Ce livre, l’artiste l’a voulu en petit format mais pleine page, pour permettre une immersion complète dans cet univers dystopique – « Dystopia » a d’ailleurs failli être le titre de l’œuvre. « C’est l’histoire d’un regard dans une ville presque évanouie, où ne se trouvent que des fantômes humains », raconte David Nissen. Pour l’imaginer, le photographe est allé de capitales en grandes villes, en s’attachant à contempler les silhouettes fantasmagoriques qui habitent chacune d’elles.
Aimer l’obscurité
Dans ces images où se croisent photographie de rue et cinématographie, certains personnages endossent plusieurs rôles, dépendant d’un simple point de vue : de simples citadins, intégrés ou marginaux, ils prennent parfois l’apparence de spectres voire des mirages. Sont-ils menaçants ou paisibles ? Désœuvrés ou heureux ? Les personnages de Out of the Darkness – comme cet individu assis dans la rue, à la capuche fermée sur son visage – demeurent aussi insaisissables que leur silhouette qui se découpent, contrastant avec ces visions d’un monde brumeux.
Si l’on relève tout de même un paradoxe dans le fait de parler d’une « sortie des ténèbres » tout en rejetant la couleur de ses photographies, le photographe s’en justifie pourtant : « le titre Out of the Darkness, je l’ai adoré. Je trouve Dystopia plus juste mais trop négatif. J’avais envie de choisir un titre en hommage à la lumière, aussi », précise-t-il. Pour la réalisation de ce livre, David Nissen s’est beaucoup imprégné de films en noir et blanc, de Kurosawa notamment – beaucoup de ces images ont d’ailleurs été prises au Japon – ou même de l’art mystique et poétique de son cinéaste fétiche, Andreï Tarkovski. « Ce dernier est pour moi un maître en termes d’anticipation, de narration, de poésie. Je pense que ce qu’il fait est presque parfait, que ce soit dans ses images ou ses couleurs », affirme-t-il.

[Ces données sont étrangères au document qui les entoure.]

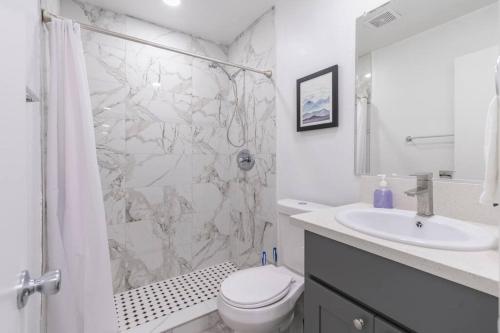 a white bathroom with a shower and a toilet and a sink at New DT Alhambra Family Vacation Home with King Bed in Alhambra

On perçoit, aussi, l’importance qu’a pour lui le travail du grand coloriste Saul Leiter et son attachement à saisir un monde, flottant, presque abstrait, entre deux mondes. C’est finalement peut-être les souvenirs de ses propres rêves, peuplé de créatures mythiques, que David Nissen tente d’inscrire dans une réalité qui échappe au temps, ou à toute tentative de circonscription dans un espace figé.
David Nissen sortira prochainement un nouveau livre, Shadow’s Praise.